Items from a dataset
----

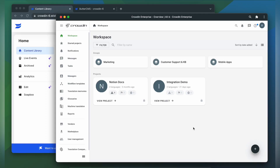To integrate Crowdin and Wistia, you'll need to have a Crowdin Enterprise or a crowdin.com account and an already created Crowdin project. So first, we're going to install the app by visiting the Crowdin marketplace.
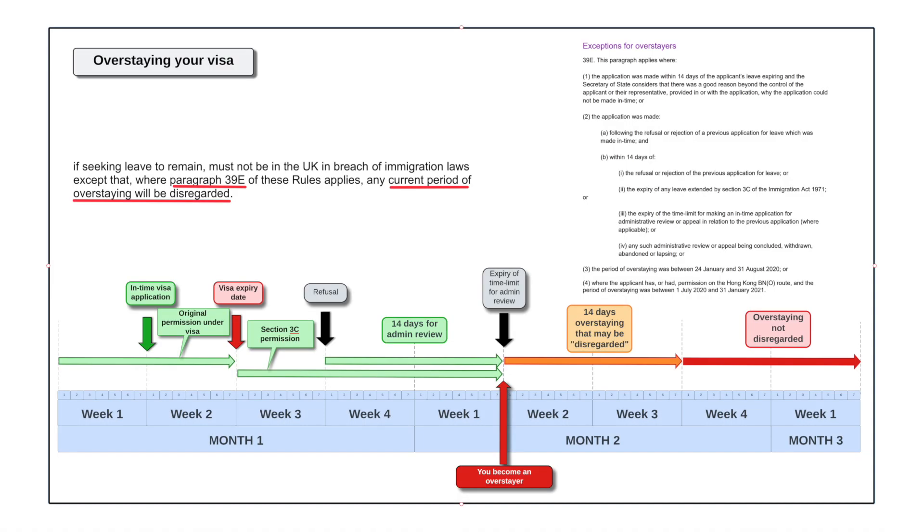What happens if you overstay your visa? Well, it's not necessarily game over because there's a period of overstaying which is disregarded, and we're going to deal in this video with exactly what the time frame looks like and a diagram to help you, which is shown here.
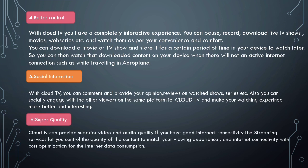Last one is super quality. Cloud TV provides superior video and audio quality if you have good internet connectivity. The streaming services let you control the quality of content to match your viewing experience and internet connectivity, with cost optimization for internet data consumption.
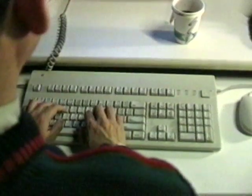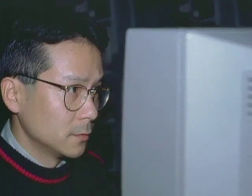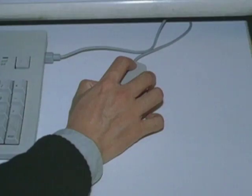Traditional computer interfaces, however, constrain human-computer interactions mostly to a very foreground activity. A computer requires complete attention to monitors, keyboards, and mice.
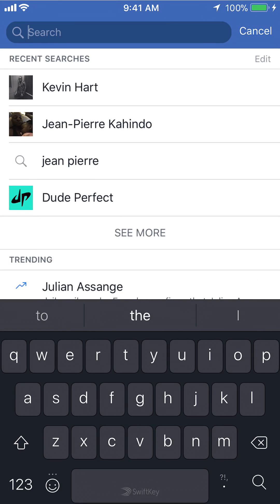Now look in the upper right corner. Do you see where it says Cancel? Underneath that it says Edit in grey. Tap on where it says Edit.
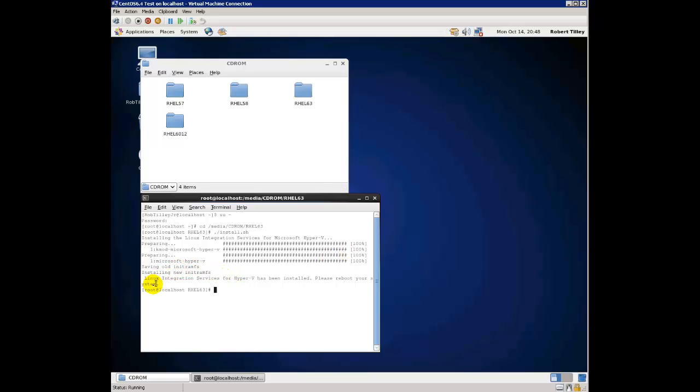And then when it's actually done, it will say Linux integration services for Hyper-V has been installed. Please reboot your system. And then you just go ahead and reboot. Open up the next video and I'll show you how to get your network up and running.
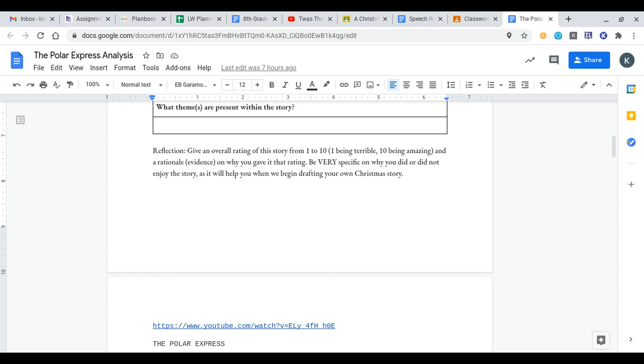So read through Polar Express, fill this stuff out, and then I will talk to you more about this stuff tomorrow. If you have any questions, please let me know. Otherwise, have a fantastic rest of your day. Thank you.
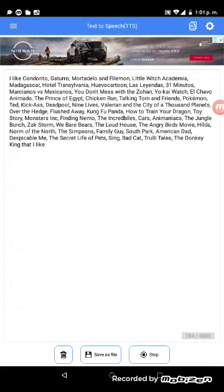South Park, American Dad, Despicable Me, The Secret Life of Pets, Sing, Bad Cat, Trolley Tales, The Donkey King that I like.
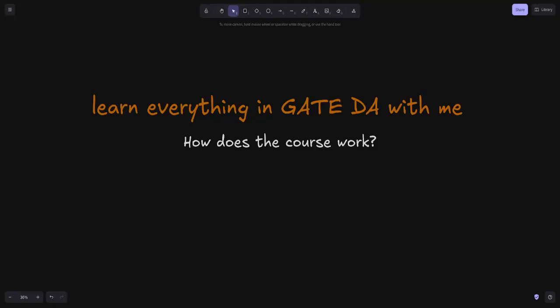Hello! This will be a very long course over the whole year, named 'Learn Everything in GATE DA with Me.' The aim of this course is that by the end of the year, we will finish the syllabus of GATE DA together, and we both can sit for the exam together. We will be covering the whole syllabus, everything related to it.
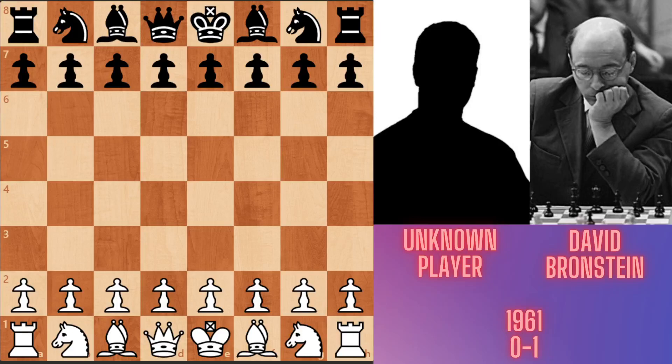Hello dear chess lovers. Today I want to show you a game between an unknown player and David Bronstein. This game was played in 1961, when Bronstein was 37 years old. Bronstein was one of the best players in chess history and eternal rival of famous world chess champion Mikhail Botvinnik. Let's see this game.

----

- [Problem description]:
Retype the data exactly as it stands, but keep the images out of your copy.

- [Completed exercise]:
To integrate Crowdin and Wistia, you'll need to have a Crowdin Enterprise or a crowdin.com account and an already created Crowdin project. So first, we're going to install the app by visiting the Crowdin marketplace.
What happens if you overstay your visa? Well, it's not necessarily game over because there's a period of overstaying which is disregarded, and we're going to deal in this video with exactly what the time frame looks like and a diagram to help you, which is shown here.
Last one is super quality. Cloud TV provides superior video and audio quality if you have good internet connectivity. The streaming services let you control the quality of content to match your viewing experience and internet connectivity, with cost optimization for internet data consumption.
Traditional computer interfaces, however, constrain human-computer interactions mostly to a very foreground activity. A computer requires complete attention to monitors, keyboards, and mice.
Now look in the upper right corner. Do you see where it says Cancel? Underneath that it says Edit in grey. Tap on where it says Edit.
And then when it's actually done, it will say Linux integration services for Hyper-V has been installed. Please reboot your system. And then you just go ahead and reboot. Open up the next video and I'll show you how to get your network up and running.
So read through Polar Express, fill this stuff out, and then I will talk to you more about this stuff tomorrow. If you have any questions, please let me know. Otherwise, have a fantastic rest of your day. Thank you.
South Park, American Dad, Despicable Me, The Secret Life of Pets, Sing, Bad Cat, Trolley Tales, The Donkey King that I like.
Hello! This will be a very long course over the whole year, named 'Learn Everything in GATE DA with Me.' The aim of this course is that by the end of the year, we will finish the syllabus of GATE DA together, and we both can sit for the exam together. We will be covering the whole syllabus, everything related to it.
Hello dear chess lovers. Today I want to show you a game between an unknown player and David Bronstein. This game was played in 1961, when Bronstein was 37 years old. Bronstein was one of the best players in chess history and eternal rival of famous world chess champion Mikhail Botvinnik. Let's see this game.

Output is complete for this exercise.